Le cocontractant devra, dans tous les cas, fournir tous « les documents probants attestant de la réalité et de l’étendue des surcoûts supportés ». 

Dernière règle à retenir : le montant de la modification pour circonstances imprévisibles ne peut en aucun cas dépasser « 50 % de la valeur du contrat initial », pour les marchés et concessions passés par les pouvoirs adjudicateurs.

Modifications de faible montant

Il est également possible, a rappelé le Conseil d’État, de procéder à des modifications dites « de faible montant », « librement négociées »  entre les cocontractants et sans qu’il soit nécessaire pour cela de démontrer « un bouleversement de l’équilibre du contrat ». Ces modifications peuvent s’effectuer sans procédure de publicité ni de mise en concurrence « lorsque le montant de la modification est inférieur aux seuils européens et à 10 % du montant du contrat initial pour les marchés de services et de fournitures et pour les contrats de concession ou 15 % du montant initial pour les marchés de travaux ».

Indemnité pour imprévision

Le Conseil d’État a également donné des précisions sur l’indemnité que peut réclamer le fournisseur dans le cadre de la théorie de l’imprévision. Point à retenir : la modification du contrat détaillée plus haut n’exclut pas le versement d’une telle indemnité, dès lors que le titulaire du contrat peut prouver le bouleversement économique du contrat.

Le versement de cette indemnité visant à « compenser les charges extracontractuelles »  peut être décidée par « une convention d’indemnisation »  entre les deux parties ou établie par un juge administratif en cas de désaccord entre les cocontractants.

En second lieu, le Conseil d’Etat considère que les parties peuvent conclure, sur le fondement de la théorie de l’imprévision, une convention d’indemnisation dont le seul objet est de compenser les charges extracontractuelles subies par le titulaire ou le concessionnaire en lui attribuant une indemnité, afin qu’il puisse poursuivre l’exécution du contrat pendant la période envisagée.

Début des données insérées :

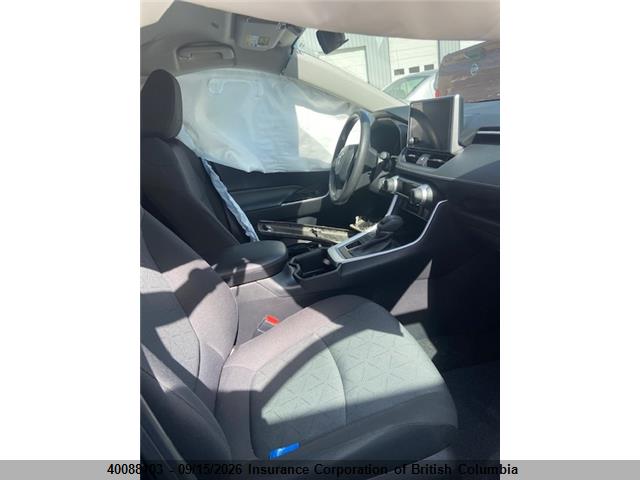 2T3B1RFV8RC447490 Toyota RAV4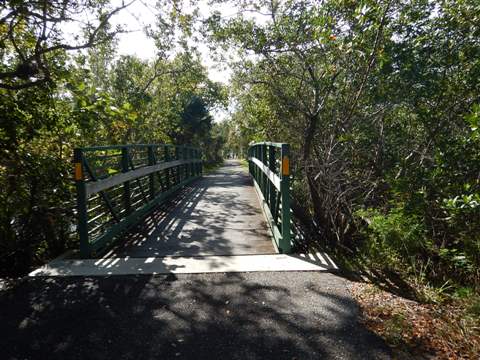 Sanibel Island Biking, Florida biking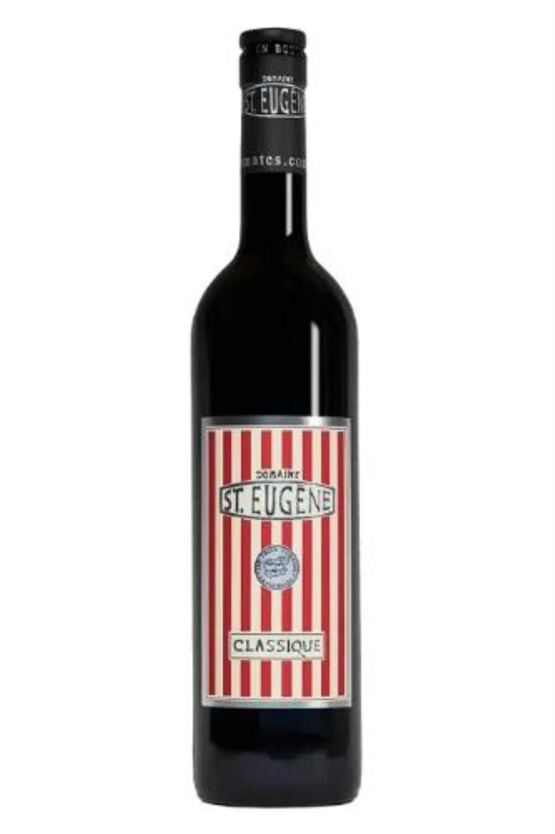 Domaine St. Eugène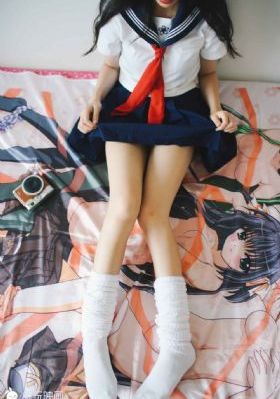 善良的女秘书的目的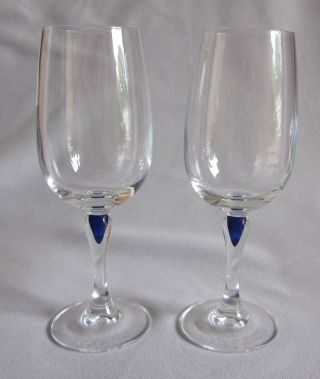 Wine Glass Goblet Cristal D 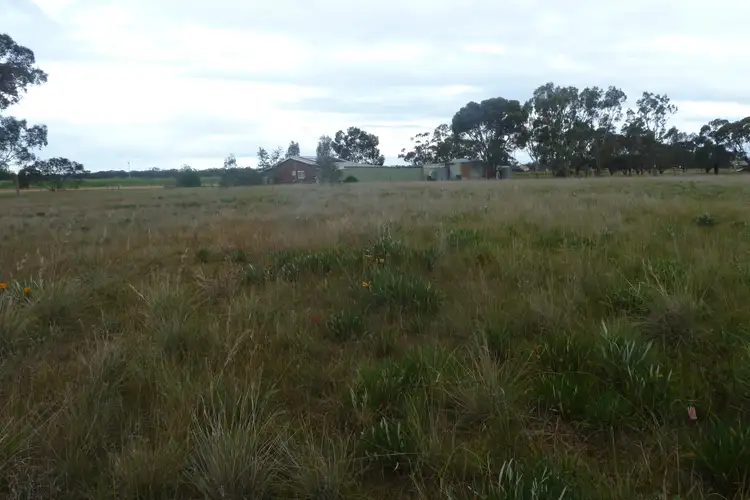 Fourth view of Homely rural property listing, Lot 30 Gibson Street, Korong Vale VIC 3520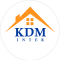 Logo kdm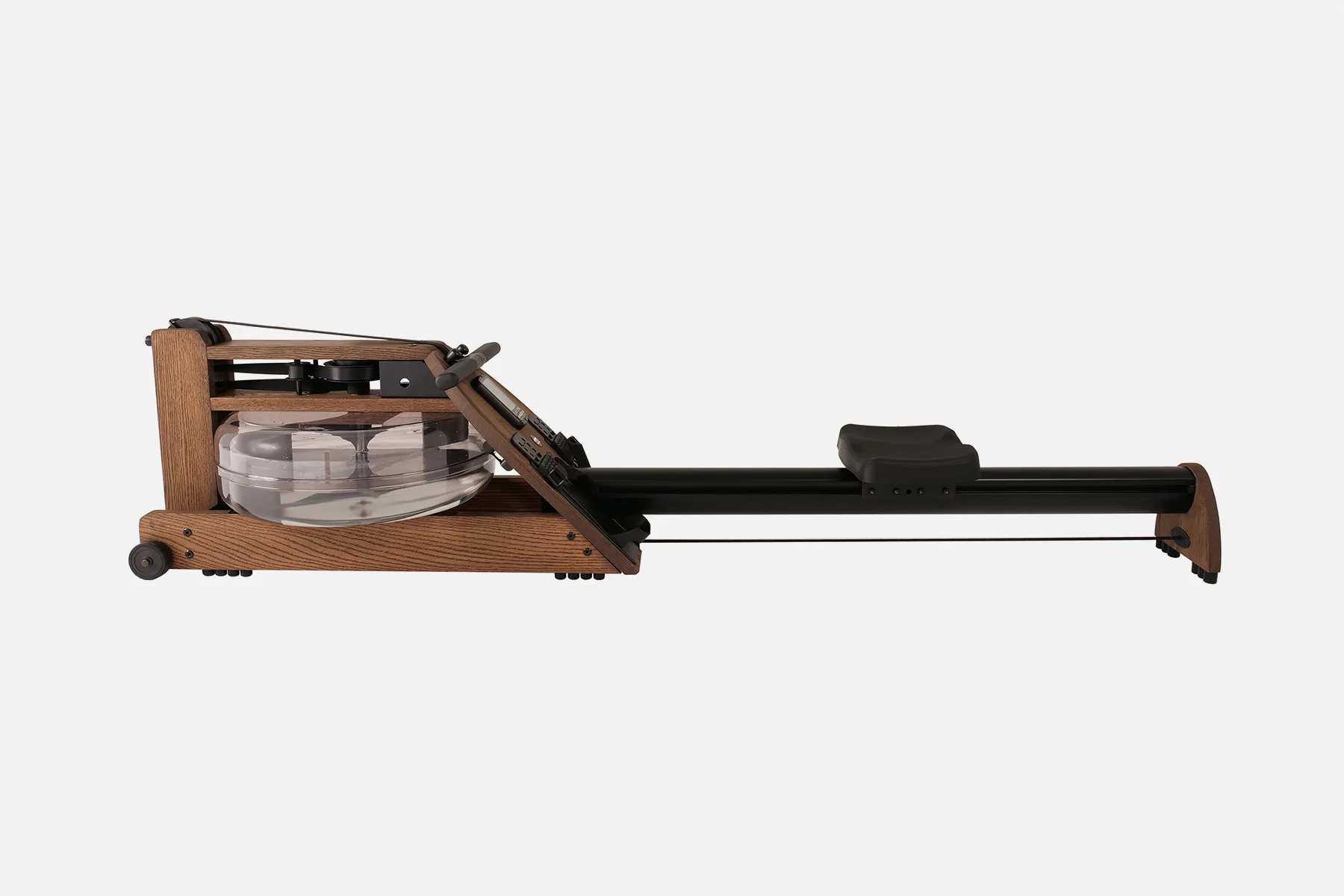 WaterRower Hybrid BLE Rowing Machine - Image 5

Celle-ci ne peut être que temporaire et la convention doit précisément la fixer. La convention d’indemnisation, qui permet de maintenir un certain équilibre contractuel en indemnisant l’opérateur économique qui, malgré la situation tout à fait exceptionnelle à laquelle il est confronté, poursuit la prestation initialement prévue, n’a ni pour objet ni pour effet de modifier les clauses du marché ou du contrat de concession ni les obligations contractuelles réciproques des parties, ni d’affecter la satisfaction des besoins de l’autorité contractante, qu’elle vise précisément à préserver.

Dès lors, cette convention d’indemnisation, de même d’ailleurs qu’une décision unilatérale de l’autorité administrative fournissant une aide financière pour pourvoir aux dépenses extracontractuelles afférentes à la période d’imprévision, ne peut être regardée comme une modification d’un marché ou d’un contrat de concession au sens des dispositions du 3° des articles L. 2194-1 et L. 3135-1 et de celles des articles R. 2194-5 et R. 3135-5 du code de la commande publique.

Le versement de cette indemnité visant à « compenser les charges extracontractuelles »  peut être décidée par convention entre les deux parties ou imposée par un juge administratif, « en l’absence d’accord avec l’administration ».

Le Conseil d’État a enfin rappelé que « la fin d’un contrat ne fait pas obstacle à l’octroi d’une indemnité d’imprévision » : pour les juges, « le bouleversement de l’économie du contrat par suite de circonstances imprévisibles peut n’être établi qu’après complète exécution du marché et que l’indemnité due éventuellement aux entrepreneurs à raison des charges extracontractuelles qu’ils ont eu à supporter peut être utilement réclamée par ces derniers qu’après notification du décompte général et définitif. » 

Ces dispositions ne sont pas nouvelles, et le Conseil d’État ne fait qu’apporter des précisions sur la lecture du Code de la commande publique. Elles apportent, certes, une sécurité aux entreprises contractantes, mais risquent de se traduire par des surcoûts importants – et, eux aussi, imprévisibles – pour les acheteurs publics et notamment les collectivités qui, elles, ne bénéficient d’aucune aide pour les compenser.